Сейчас я не хотел бы как-то подробно рассуждать на тему этой полемики. В ней, по-моему, все очевидно. В своих работах о Толстом, Гоголе, Леонтьеве я уже достаточно давно, хотя, по-моему, и более корректно, чем Сар Пеладан, показал, что неохристианское неофитство (а таковым оно и было у этих писателей) крупных русских художников не могло привести и не привело по существу ни к чему позитивному. А для тех же Гоголя и Леонтьева вылилось в личные жизненные трагедии. Этот ригоризм — возвращение к «негативной эстетике» раннего христианства апологетов, — давно преодоленный зрелой патристикой и византийской Церковью в целом, был уже мало уместен в XIX и XX веках. Тем более нелепо выглядит он сегодня, с чем нередко приходится встречаться, увы, в наши дни. И притом часто в более агрессивной по отношению к культуре и искусству форме, чем мы видели это у Толстого. Позицию Толстого конца XIX — начала XX вв. еще можно понять, хотя и не принять, а вот позицию новейших неофитов, агрессивно настроенных по отношению к культуре, и без их нажима пришедшей уже давно в упадок, можно объяснить только глубоким невежеством этих горе-радетелей якобы за веру христианскую.
Это безотносительно к материалу, присланному Н. Б. Он меня просто порадовал, хотя и вызвал выраженные здесь ассоциации.
Ваш
Вот и пришла настоящая весна — действительно, «майский день»! Праздники я провела на даче, наслаждаясь всеми прелестями пробуждающейся природы.

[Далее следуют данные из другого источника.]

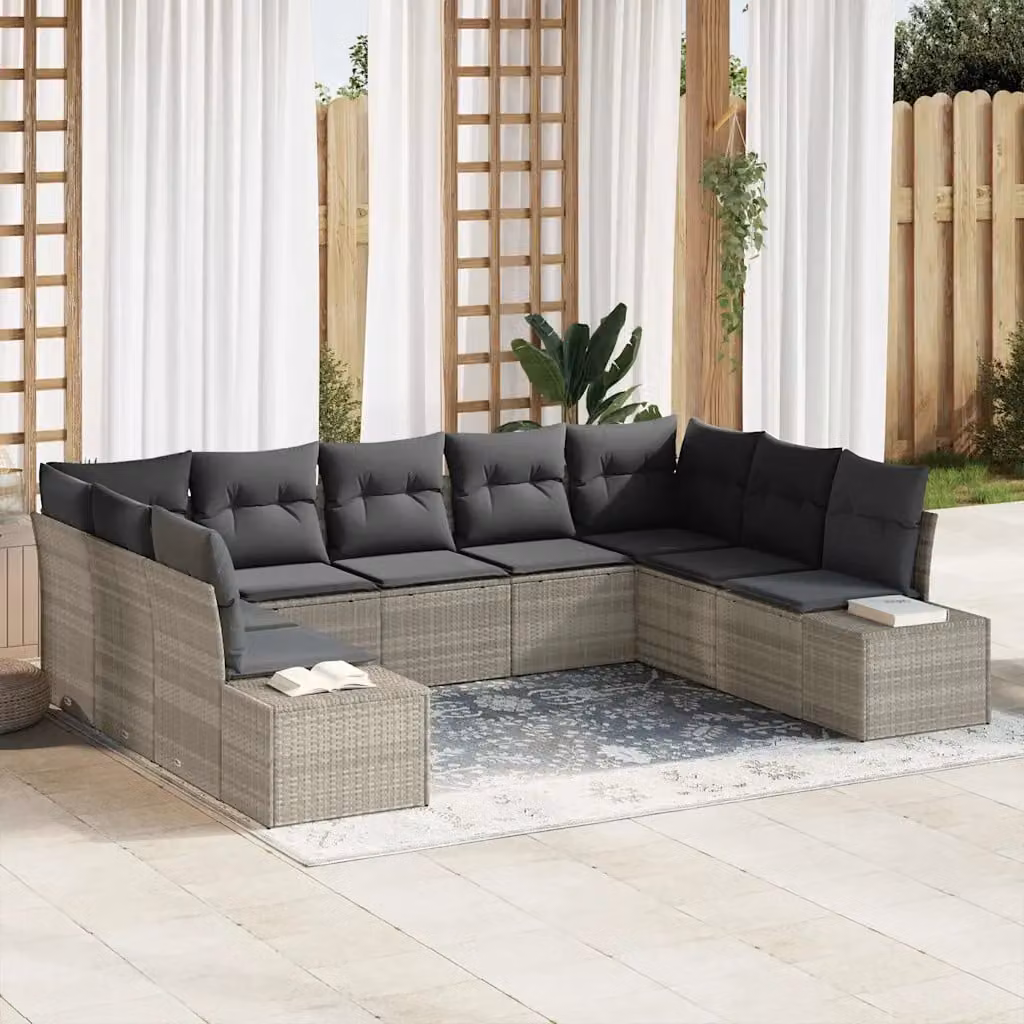 Set Divano da Giardino vidaXL a forma a U composto da 9 pezzi in polyrattan grigio con cuscini rimovibili e tavolino da caffè – 1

А по вечерам наверстывала кое-что из упущенного как в художественной, так и в научной литературе. Бросилось в глаза, что в современных работах по эстетике и искусствознанию нередко в сугубо позитивном ключе упоминается знаменитая работа Льва Толстого «Что такое искусство?». Толстовское отрицание искусства, красоты, эстетического наслаждения, профессионализма сегодня весьма импонирует теоретикам и создателям арт-практик, как раз и отказавшимся от всех этих понятий и бравирующих своим эстетическим нигилизмом. Вместо сущностного признака искусства — художественности — на первом плане у них оказываются далеко не главные для искусства функции — политическая, коммуникативная, просветительская, воспитательная и т. п.
А параллельно я как раз читала, переводила и анализировала работу совершенно иного плана — книгу хорошо известного Вл. Вл. французского символиста и мистика Жозефена (Сара) Пеладана «Упадок эстетики. Ответ Толстому» (1898) — резко критическую реакцию на «эстетику отрицания эстетического»[50]
Льва Толстого в поздний период его творчества. Я рада, что Вл. Вл. поддерживает мой исследовательский интерес к этому автору, притом что он так же, как и я, видит спорные стороны его доктрины. В последний год я глубоко погрузилась в изучение трудов этого «демона» французского символизма, мало известного в России, прочла практически все его труды по эстетике (и не только) и убедилась в том, что многие его идеи, особенно связанные с приоритетом художественности, анагогической роли искусства, являются по существу верными и не утрачивают своей актуальности и поныне. Это относится и к его работе, посвященной эстетическим взглядам позднего Толстого.В трактате Толстого «Что такое искусство?» Пеладан видит путь эстетического упадка. Резкость критики взглядов Толстого на искусство во многом связана у Пеладана с более масштабной проблемой упадка, заката латинского мира в целом, крушение которого может ускорить «русский колосс», хотя мужик и поделится хлебом с побежденным латинским мальчиком-с-пальчиком. Французский мыслитель видит в русских молодой, мистический, верующий народ, признавая, что будущее — за ним. Однако как человек, никогда серьезно не изучавший русскую культуру, он представляет себе Россию стремящейся к мировому господству, обладающей силой, но не интеллектом «страной мужиков», относя к таковым и Толстого — «великого мужика», христианина и «славянского людоеда» одновременно, стремящегося опустить искусство до уровня понимания «пьяных мужиков». Отмечая, что Толстой отрицает собственное литературное творчество во имя своих новых эстетических идей, направленных на утверждение «эстетически неразвитой, далекой от метафизики крестьянской литературы», Пеладан полагает, что русский писатель посягает тем самым на основы западной цивилизации: беря на себя роль «христианского инквизитора», Толстой, усугубляя негативизм Платона и Руссо в отношении искусства, сваливает на него все зло, выносит искусству «вздорный приговор», перечеркивая тем самым творчество Эсхила, Софокла, Микеланджело, Гёте, Баха, Малларме, Вагнера и предлагая взамен доступные для массового понимания жанровые зарисовки (к ним Пеладан относит романы Дюма-отца, «Отверженных» В. Гюго, «Хижину дяди Тома» Г. Бичер-Стоу, произведения Ч. Диккенса).